(Extracted data entries)
====================

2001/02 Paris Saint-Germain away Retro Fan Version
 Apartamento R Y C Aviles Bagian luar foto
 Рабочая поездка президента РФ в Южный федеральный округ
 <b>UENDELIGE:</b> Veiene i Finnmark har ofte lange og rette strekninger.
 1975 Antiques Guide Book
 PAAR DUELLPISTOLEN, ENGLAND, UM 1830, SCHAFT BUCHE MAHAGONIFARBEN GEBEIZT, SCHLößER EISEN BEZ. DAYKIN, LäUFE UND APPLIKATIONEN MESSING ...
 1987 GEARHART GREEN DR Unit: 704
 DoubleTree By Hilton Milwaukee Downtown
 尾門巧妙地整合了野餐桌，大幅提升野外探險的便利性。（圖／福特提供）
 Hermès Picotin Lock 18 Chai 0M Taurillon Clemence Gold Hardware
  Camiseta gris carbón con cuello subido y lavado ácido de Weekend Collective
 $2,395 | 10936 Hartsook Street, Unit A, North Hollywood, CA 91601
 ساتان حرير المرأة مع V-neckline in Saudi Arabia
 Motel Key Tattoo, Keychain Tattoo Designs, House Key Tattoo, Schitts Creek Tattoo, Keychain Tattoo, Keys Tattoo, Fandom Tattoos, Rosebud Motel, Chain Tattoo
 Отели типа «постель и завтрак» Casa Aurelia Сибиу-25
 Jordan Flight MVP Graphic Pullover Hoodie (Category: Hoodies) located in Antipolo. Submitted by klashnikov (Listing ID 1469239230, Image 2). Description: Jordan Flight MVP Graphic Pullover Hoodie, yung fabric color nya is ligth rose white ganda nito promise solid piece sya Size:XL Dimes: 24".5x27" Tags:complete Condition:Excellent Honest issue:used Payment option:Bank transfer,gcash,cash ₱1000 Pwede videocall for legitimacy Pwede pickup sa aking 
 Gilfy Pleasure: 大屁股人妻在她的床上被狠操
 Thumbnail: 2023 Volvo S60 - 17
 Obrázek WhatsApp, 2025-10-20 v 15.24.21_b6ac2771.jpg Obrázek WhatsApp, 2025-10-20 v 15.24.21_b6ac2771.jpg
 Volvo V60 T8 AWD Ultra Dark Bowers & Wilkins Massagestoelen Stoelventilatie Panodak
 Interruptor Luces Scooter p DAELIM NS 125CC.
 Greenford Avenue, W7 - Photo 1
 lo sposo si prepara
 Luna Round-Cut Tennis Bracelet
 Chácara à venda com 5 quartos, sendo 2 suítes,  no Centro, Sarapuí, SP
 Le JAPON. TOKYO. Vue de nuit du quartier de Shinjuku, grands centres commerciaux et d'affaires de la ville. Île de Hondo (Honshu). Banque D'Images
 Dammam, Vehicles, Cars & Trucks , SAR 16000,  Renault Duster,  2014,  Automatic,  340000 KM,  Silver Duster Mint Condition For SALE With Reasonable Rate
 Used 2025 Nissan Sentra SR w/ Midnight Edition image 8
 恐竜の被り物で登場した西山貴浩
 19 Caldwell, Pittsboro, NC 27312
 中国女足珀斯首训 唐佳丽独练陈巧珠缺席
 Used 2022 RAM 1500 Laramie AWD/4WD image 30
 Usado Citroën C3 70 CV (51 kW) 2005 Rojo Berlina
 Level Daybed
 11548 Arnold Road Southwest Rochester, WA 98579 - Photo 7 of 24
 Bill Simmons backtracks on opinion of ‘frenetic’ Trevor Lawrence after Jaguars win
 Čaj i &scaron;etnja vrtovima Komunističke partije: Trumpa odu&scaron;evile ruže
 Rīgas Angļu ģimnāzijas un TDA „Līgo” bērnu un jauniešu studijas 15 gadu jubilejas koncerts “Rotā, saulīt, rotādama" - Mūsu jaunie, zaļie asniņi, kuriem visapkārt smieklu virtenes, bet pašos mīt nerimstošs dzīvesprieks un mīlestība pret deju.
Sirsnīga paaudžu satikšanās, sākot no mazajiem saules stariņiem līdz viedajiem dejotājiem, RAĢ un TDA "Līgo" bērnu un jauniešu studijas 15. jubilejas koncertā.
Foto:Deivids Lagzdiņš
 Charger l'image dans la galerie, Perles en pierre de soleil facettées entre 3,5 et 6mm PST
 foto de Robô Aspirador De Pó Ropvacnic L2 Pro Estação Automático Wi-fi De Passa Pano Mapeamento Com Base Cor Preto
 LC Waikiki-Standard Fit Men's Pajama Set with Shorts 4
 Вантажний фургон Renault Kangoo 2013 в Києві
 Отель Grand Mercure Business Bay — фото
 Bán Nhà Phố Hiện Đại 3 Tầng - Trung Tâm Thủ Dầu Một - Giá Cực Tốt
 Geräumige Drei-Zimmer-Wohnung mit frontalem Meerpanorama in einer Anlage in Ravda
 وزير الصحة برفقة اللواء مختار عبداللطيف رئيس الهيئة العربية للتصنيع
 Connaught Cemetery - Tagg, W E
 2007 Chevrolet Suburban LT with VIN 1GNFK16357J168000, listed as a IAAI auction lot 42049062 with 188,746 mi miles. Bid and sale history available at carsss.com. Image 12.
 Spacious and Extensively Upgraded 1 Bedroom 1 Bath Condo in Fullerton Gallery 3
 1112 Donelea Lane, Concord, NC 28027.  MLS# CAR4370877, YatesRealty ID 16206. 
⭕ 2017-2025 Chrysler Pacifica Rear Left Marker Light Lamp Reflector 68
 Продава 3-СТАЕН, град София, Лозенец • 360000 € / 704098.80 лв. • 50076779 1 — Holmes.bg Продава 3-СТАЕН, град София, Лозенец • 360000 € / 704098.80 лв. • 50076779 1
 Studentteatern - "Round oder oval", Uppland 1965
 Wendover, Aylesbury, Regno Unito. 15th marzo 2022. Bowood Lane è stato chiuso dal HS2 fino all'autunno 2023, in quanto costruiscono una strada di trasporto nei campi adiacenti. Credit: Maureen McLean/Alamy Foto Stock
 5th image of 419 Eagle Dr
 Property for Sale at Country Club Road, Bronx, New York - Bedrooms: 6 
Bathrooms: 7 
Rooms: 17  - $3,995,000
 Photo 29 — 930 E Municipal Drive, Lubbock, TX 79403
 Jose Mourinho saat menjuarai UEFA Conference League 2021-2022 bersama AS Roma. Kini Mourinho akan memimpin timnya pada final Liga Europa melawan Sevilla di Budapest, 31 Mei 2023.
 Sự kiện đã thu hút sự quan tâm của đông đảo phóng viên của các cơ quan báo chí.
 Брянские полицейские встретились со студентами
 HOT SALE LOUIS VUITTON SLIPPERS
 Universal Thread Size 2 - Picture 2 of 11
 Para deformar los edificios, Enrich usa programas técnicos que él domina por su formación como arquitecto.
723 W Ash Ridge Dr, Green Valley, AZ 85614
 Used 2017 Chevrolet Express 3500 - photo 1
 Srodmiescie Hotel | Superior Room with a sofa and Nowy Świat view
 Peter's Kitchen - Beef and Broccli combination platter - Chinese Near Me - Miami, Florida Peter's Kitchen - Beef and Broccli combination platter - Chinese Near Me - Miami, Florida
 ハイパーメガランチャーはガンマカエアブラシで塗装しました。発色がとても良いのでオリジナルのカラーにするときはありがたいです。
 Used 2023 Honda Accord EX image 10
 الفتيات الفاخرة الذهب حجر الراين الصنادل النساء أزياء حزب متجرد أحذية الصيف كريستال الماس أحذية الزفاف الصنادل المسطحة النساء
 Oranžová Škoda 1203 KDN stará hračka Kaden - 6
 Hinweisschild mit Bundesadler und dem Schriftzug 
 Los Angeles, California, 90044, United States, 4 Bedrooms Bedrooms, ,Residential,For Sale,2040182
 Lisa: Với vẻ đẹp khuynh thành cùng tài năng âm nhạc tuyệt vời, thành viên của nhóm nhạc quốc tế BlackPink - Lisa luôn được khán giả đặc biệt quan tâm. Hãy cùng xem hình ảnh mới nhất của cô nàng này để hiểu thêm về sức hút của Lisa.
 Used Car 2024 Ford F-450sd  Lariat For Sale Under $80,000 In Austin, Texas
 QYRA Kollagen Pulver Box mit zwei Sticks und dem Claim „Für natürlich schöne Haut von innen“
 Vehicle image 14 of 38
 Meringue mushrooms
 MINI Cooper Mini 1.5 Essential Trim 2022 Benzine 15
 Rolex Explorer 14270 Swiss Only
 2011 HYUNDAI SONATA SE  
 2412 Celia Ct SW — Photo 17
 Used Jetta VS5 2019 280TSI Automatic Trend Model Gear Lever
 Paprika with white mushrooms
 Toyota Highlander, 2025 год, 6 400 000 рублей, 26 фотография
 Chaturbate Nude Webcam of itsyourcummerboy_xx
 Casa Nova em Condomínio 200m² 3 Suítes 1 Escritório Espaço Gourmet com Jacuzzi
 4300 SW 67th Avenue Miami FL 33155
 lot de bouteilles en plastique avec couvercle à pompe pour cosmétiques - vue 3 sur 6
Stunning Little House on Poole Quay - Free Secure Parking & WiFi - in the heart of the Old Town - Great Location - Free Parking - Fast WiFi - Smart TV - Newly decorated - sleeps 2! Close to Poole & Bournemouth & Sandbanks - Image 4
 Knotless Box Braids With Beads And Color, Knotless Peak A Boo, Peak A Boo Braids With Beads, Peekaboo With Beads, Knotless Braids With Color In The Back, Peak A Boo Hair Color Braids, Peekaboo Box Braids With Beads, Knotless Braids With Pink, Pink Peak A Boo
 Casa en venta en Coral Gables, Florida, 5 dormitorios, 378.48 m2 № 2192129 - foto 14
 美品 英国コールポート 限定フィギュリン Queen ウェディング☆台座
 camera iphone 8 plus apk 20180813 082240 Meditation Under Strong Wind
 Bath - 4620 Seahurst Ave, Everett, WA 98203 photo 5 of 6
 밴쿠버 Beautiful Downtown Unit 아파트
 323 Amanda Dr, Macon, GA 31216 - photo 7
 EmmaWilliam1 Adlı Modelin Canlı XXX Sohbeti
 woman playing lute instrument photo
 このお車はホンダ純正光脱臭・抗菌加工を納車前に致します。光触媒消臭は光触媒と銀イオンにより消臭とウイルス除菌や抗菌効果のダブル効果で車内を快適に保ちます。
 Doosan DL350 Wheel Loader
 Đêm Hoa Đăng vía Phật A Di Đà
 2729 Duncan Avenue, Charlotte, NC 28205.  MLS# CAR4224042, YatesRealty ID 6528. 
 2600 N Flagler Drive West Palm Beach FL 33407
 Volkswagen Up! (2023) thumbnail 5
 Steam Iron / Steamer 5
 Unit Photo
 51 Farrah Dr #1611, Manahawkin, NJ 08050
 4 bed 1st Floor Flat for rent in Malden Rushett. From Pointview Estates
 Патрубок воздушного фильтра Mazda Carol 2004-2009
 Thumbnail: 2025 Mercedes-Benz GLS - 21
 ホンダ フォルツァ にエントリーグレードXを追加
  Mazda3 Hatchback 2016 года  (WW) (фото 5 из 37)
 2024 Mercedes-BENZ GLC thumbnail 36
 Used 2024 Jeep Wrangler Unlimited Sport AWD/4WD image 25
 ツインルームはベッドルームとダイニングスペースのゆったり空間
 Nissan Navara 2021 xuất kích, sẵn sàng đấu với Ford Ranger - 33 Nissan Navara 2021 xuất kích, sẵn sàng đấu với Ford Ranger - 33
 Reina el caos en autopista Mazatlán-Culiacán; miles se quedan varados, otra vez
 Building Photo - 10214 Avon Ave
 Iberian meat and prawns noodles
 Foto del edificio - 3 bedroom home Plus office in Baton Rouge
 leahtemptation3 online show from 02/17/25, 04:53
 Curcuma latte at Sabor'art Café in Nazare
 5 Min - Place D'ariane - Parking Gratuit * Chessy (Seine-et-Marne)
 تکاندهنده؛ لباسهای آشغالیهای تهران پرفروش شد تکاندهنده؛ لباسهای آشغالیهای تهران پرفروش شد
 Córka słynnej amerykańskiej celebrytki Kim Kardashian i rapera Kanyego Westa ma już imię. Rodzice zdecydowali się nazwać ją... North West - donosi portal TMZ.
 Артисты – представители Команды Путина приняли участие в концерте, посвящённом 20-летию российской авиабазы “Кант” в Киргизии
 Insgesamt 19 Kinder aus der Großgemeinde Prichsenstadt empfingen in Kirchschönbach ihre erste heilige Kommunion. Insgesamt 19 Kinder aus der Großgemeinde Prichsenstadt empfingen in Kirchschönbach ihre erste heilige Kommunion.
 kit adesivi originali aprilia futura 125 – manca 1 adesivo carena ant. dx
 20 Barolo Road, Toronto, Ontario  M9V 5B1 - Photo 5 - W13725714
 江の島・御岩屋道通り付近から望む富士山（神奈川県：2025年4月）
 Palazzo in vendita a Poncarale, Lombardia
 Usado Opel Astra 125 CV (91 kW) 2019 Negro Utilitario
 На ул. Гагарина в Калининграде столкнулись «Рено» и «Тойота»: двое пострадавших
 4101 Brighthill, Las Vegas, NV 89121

====================

Lines with the word "Nissan" in them should be copied from the preceding records.

FINISHED EXERCISE:
 Used 2025 Nissan Sentra SR w/ Midnight Edition image 8
 Nissan Navara 2021 xuất kích, sẵn sàng đấu với Ford Ranger - 33 Nissan Navara 2021 xuất kích, sẵn sàng đấu với Ford Ranger - 33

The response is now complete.